De onderzoekers gingen ervan uit dat koeien in omgevingen met beperkte voedingsstoffen dagelijks 2,2 procent van hun lichaamsgewicht zouden eten gedurende een speenperiode van 210 dagen. Een ideaal gespeend kalf zou ongeveer de helft van het gewicht van zijn moeder moeten wegen, "dus de waarschijnlijkheid dat een koe van 1.400 pond een kalf van 700 pond speent op weidegrond is hoogst onwaarschijnlijk in 210 dagen," zei Henderson.

Recente studies suggereren dat de ideale koe tussen de 1.000 en 1.200 pond weegt op land waar graasmogelijkheden schaars zijn - maar het Amerikaanse ministerie van landbouw heeft vastgesteld dat de gemiddelde binnenlandse koe bijna 1.400 pond is. Het door de onderzoekers ontwikkelde model gebruikte koegroottes variërend van 1.000 pond tot 1.400 pond.

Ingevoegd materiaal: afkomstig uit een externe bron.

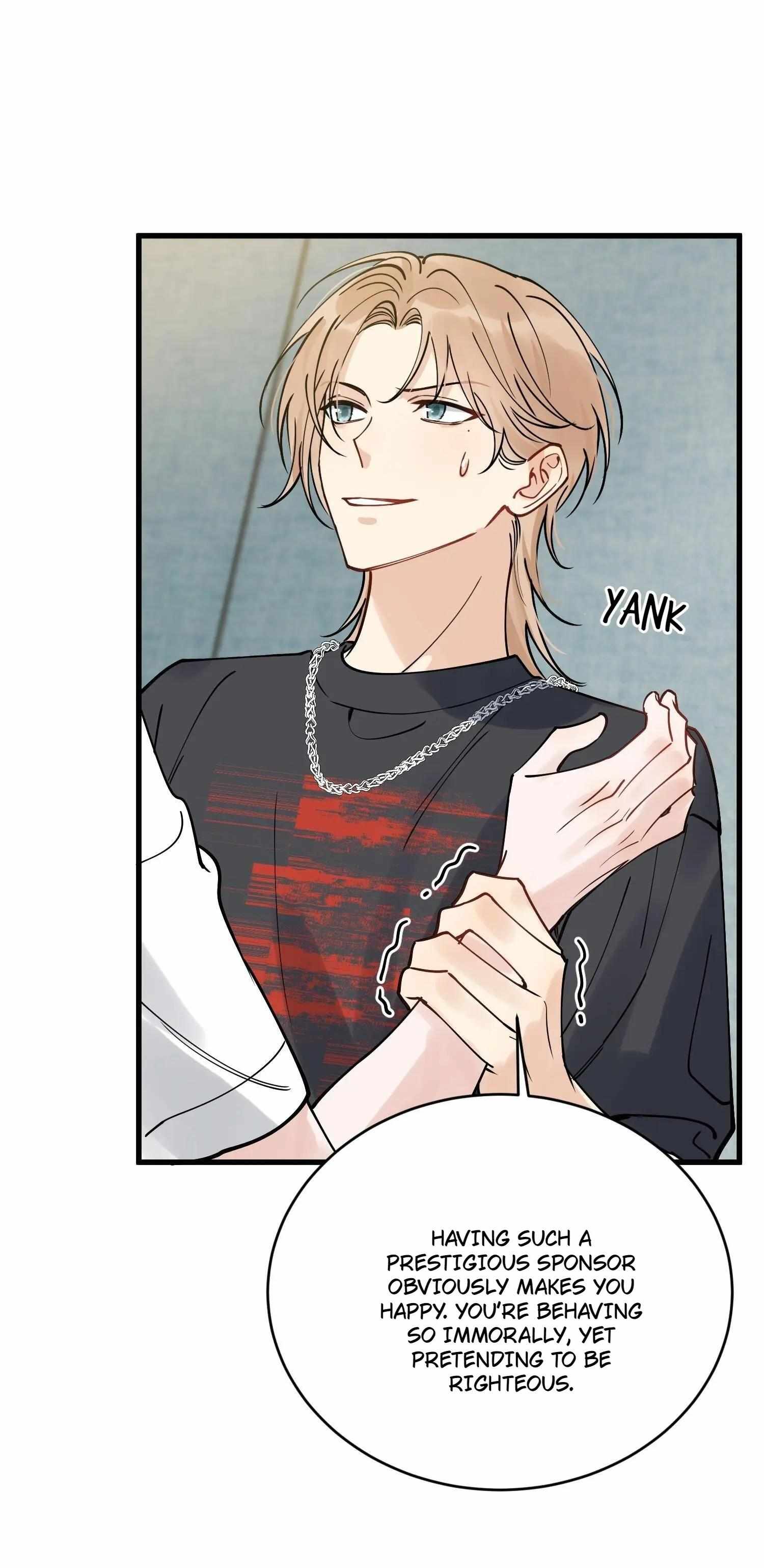 Falling To Where I Belong chapter 95 page 28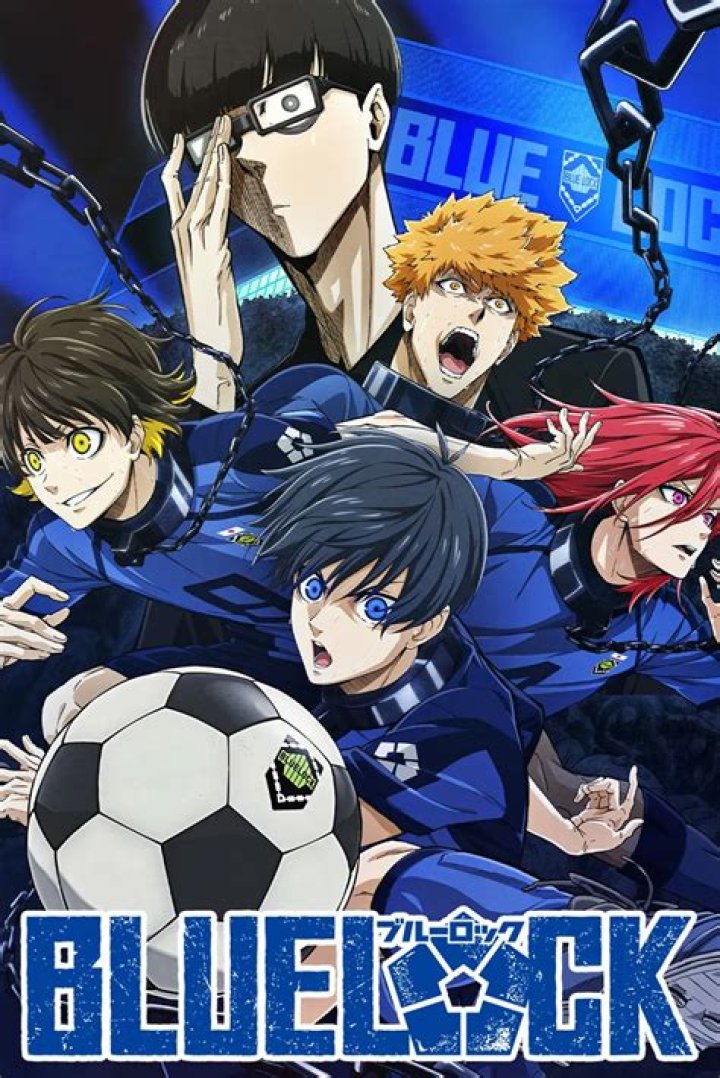 Blue Lock Episode 14 Release Date: What is the Genre of the Anime Series?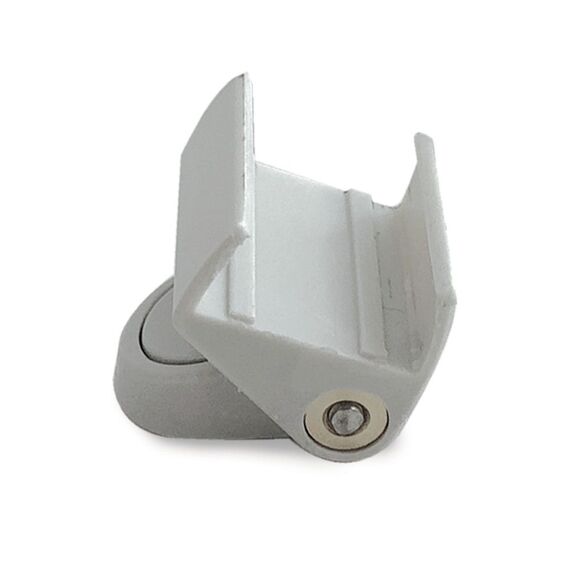 Arlight 022455(1) Держатель регулируемый REG-PD для MIC, PDS-S (Arlight, Пластик) - ! УПАКОВКА СОСТОИТ ИЗ - 2 шт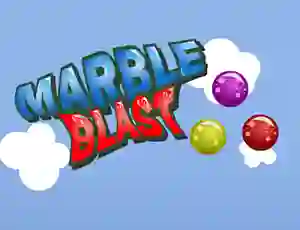 بازی Marble Blast آنلاین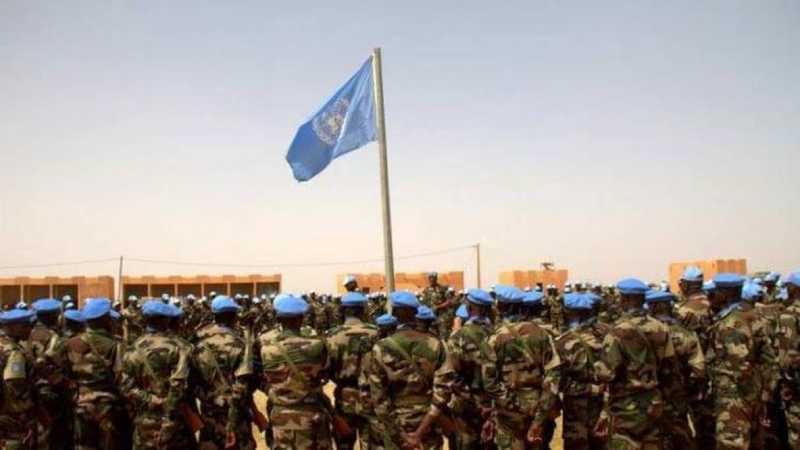 Les soldats de la paix de l'ONU commencent à se retirer des camps dans le nord du Mali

De toename van de gemiddelde koegrootte is het resultaat van een gestage trend in selectief fokken in de afgelopen decennia, en de onderzoekers verwachten de komende jaren geen kuddes kleinere koeien. Ze willen dat hun model op de lange termijn door veeboeren wordt overwogen, zei ze.

"Dit is geen kortetermijnoplossing", zei ze. “Het duurde lang om koeien van 1.400 pond te fokken. We gaan ook niet van de ene op de andere dag naar koeien van 1100 pond gaan.”

Het Amerikaanse ministerie van landbouw, het National Institute of Food and Agriculture, financierde het onderzoek. Derek Scasta, specialist in extensieve weilanden aan de Universiteit van Wyoming, leidde het onderzoek.